- Decades:: 1940s; 1950s; 1960s; 1970s; 1980s;
- See also:: Other events of 1963 List of years in Afghanistan

= 1963 in Afghanistan =

The following lists events that happened during 1963 in Afghanistan.

Both the United States and the Soviet Union continued their road-building projects in Afghanistan. The U.S. grades and paves the road from Kabul to Peshawar (Pakistan) and is building another road, costing more than $30,000,000, from Kabul to Kandahar and thence to the Pakistan border.

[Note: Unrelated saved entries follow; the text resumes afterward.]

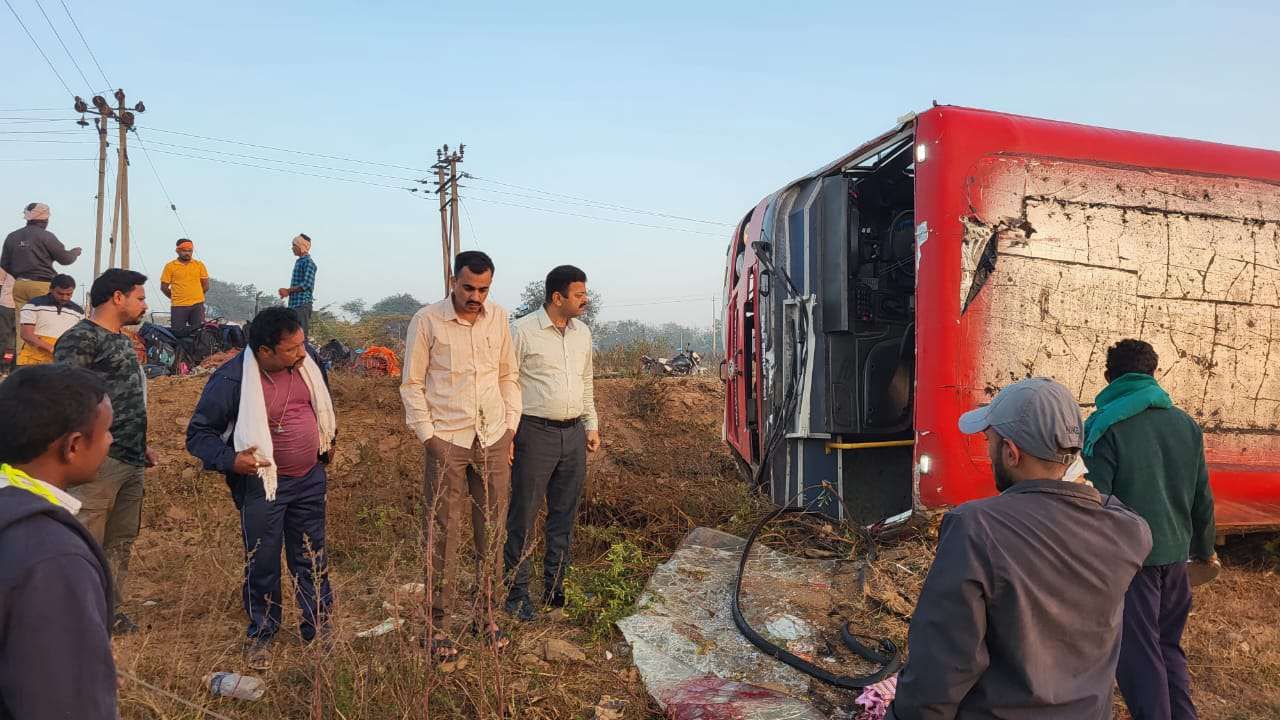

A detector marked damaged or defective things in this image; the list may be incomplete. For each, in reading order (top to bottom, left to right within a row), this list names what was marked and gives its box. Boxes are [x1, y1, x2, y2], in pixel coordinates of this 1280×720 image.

overturned red bus [724, 104, 1272, 532]
damaged bus panel [724, 105, 1280, 528]
cracked bus exterior [724, 104, 1280, 532]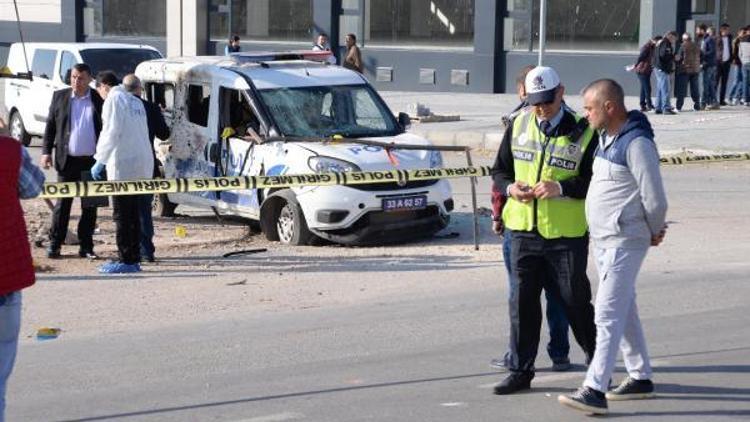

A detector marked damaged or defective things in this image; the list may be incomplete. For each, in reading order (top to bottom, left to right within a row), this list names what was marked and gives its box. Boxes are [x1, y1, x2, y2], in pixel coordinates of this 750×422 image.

damaged white police van [134, 51, 452, 246]
shattered side window [258, 84, 400, 138]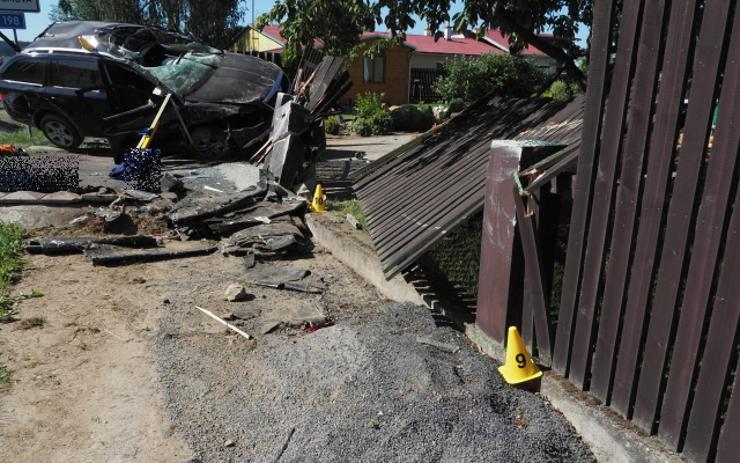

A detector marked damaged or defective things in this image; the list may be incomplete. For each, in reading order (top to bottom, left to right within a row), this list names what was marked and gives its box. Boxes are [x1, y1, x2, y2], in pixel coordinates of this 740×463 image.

crashed suv [0, 21, 290, 159]
damaged vehicle roof [28, 21, 286, 104]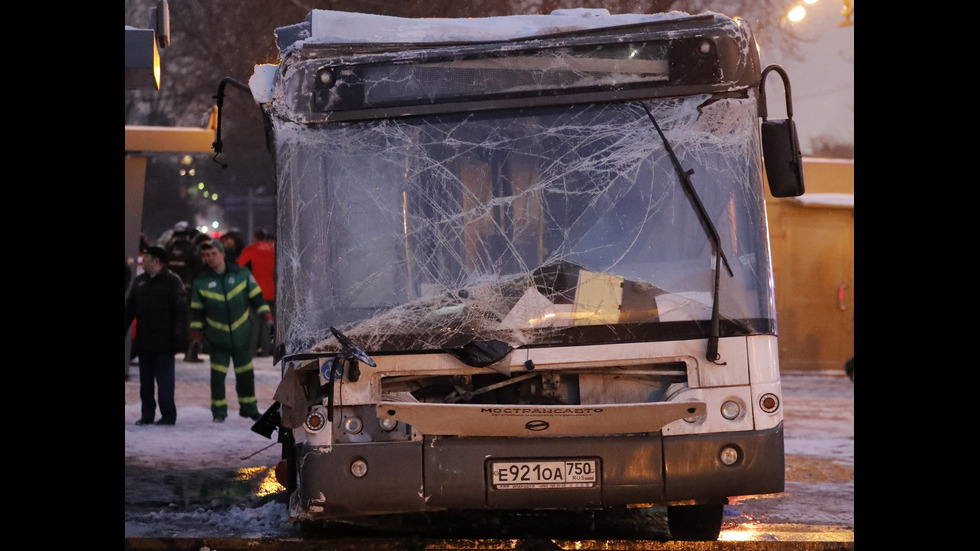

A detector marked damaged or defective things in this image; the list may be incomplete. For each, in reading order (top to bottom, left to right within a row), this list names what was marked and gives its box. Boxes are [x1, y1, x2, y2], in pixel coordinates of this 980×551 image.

shattered windshield [274, 94, 772, 354]
damaged bus [243, 7, 804, 544]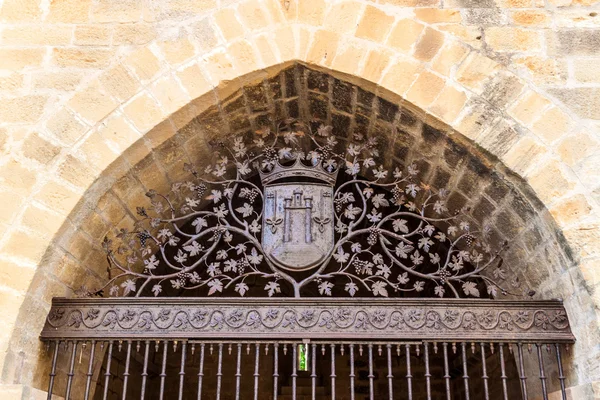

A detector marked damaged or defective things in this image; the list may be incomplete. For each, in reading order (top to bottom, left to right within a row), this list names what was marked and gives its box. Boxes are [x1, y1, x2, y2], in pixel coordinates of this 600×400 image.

rusty ironwork [88, 120, 524, 298]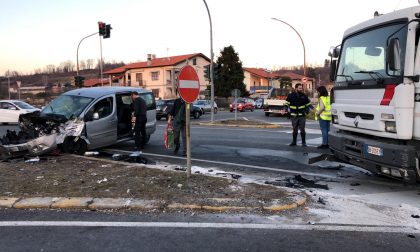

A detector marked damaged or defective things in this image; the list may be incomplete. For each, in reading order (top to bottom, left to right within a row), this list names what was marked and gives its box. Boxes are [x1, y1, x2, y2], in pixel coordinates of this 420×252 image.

damaged silver van [0, 87, 156, 158]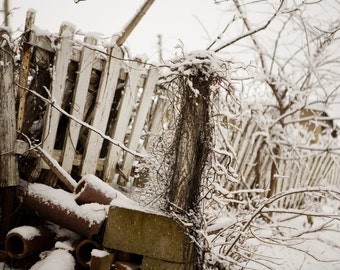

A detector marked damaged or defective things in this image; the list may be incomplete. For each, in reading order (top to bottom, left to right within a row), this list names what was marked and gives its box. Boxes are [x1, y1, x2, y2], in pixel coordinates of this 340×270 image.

broken fence slat [38, 24, 75, 170]
broken fence slat [62, 35, 97, 173]
broken fence slat [81, 46, 123, 177]
broken fence slat [104, 61, 145, 184]
broken fence slat [120, 67, 159, 184]
rusty pipe [5, 226, 54, 260]
rusty pipe [19, 181, 107, 238]
rusty pipe [74, 238, 99, 268]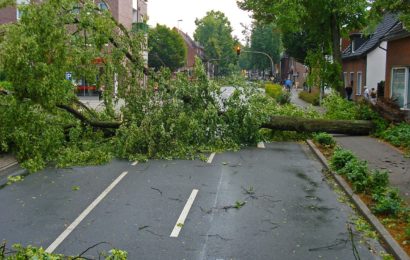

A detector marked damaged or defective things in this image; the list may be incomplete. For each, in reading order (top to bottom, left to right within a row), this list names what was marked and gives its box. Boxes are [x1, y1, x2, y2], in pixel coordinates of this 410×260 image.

damaged road [0, 143, 384, 258]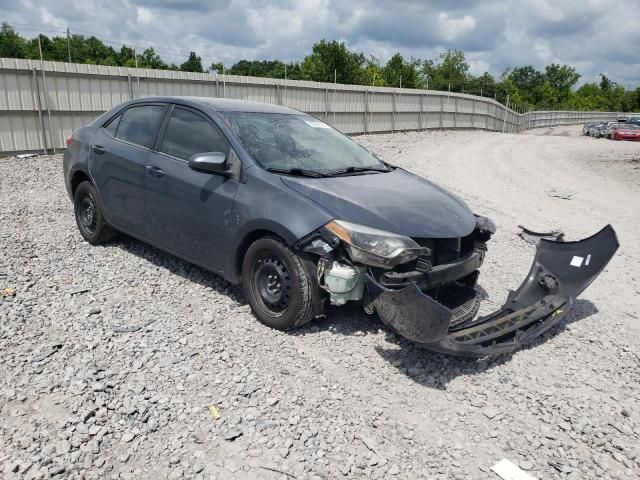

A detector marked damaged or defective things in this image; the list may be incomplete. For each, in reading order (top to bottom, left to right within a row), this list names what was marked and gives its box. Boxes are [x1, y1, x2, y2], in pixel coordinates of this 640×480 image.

broken headlight [324, 219, 424, 268]
damaged front end [298, 218, 616, 356]
detached front bumper cover [368, 225, 616, 356]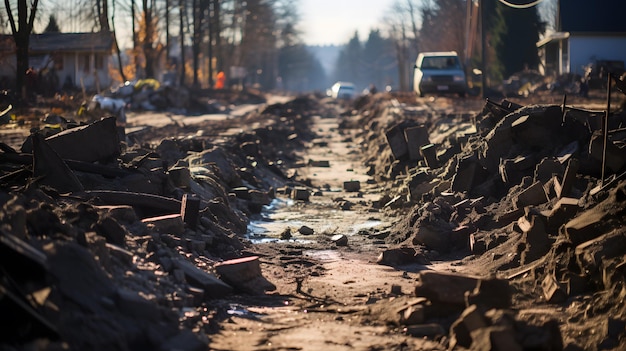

The Soviets are building a tunnel to connect the modern road from the Oxus river (their frontier with Afghanistan) to Kabul, at an estimated cost of $40,000,000.

==Incumbents==
- Monarch – Mohammed Zahir Shah
- Prime Minister – Mohammed Daoud Khan (until 10 March), Mohammad Yusuf (starting 10 March)

==February 25, 1963==
A Soviet-Afghan trade protocol is signed in Moscow, pursuant to which Afghanistan is to export wool, cotton, dried and fresh fruits, and oilseeds in exchange for motor vehicles, rolled steel, oil products, and consumer goods.

==March 1963==
For the first time in Afghan history, a new administration is formed with no members of the royal family in the cabinet, when Sardar (Prince) Mohammad Daud Khan resigns and a commoner, Mohammad Yusuf, is appointed to the prime ministership. The new prime minister announces his cabinet on March 13, 1963; he makes several shifts within the cabinet, taking charge of external affairs, appointing new first and second deputy premiers, and changing other posts. His most controversial appointment is the designation of Gen. Mohammad Khan, who was dismissed as governor of Kandahar by a previous cabinet, as defense minister. The new prime minister undertakes serious currency reform, abrogating multiple rates which priced the Afghani to the U.S. dollar at anything from 20 to 57, while the free market rate was near 50.7. The new, uniform rate establishes 45 Afghanis to the dollar for all transactions. The reform is supported by the International Monetary Fund, which assigns Afghanistan a drawing fund of $5,625,000 to support Afghan foreign exchange reserves during the transition period.

==April 26, 1963==
An announcement is made that the U.S. Agency for International Development (AID) has granted Afghanistan a loan of $2,652,000 for the purchase of three U.S. passenger aircraft to be used by Ariana Afghan Airlines.

==Week of May 11, 1963==
Sarvepalli Radhakrishnan, the president of India, visits Kabul.

==June 4, 1963==
The prime minister receives a unanimous vote of confidence from the National Assembly. During the same month a constitutional commission, aided by the French expert Louis Phojean, enters the final phases of drafting a new constitution.

==Late July 1963==
In pursuance of better relations, the Afghan-Pakistan frontier is reopened, largely through the peace efforts of the Shah of Iran.

==Early September 1963==
King Mohammad Zahir Shah and his queen pay their first state visit to Washington, D.C.; on September 7 the king and U.S. Pres. John F. Kennedy issue a joint statement which places special emphasis on the Afghan policy of nonalignment.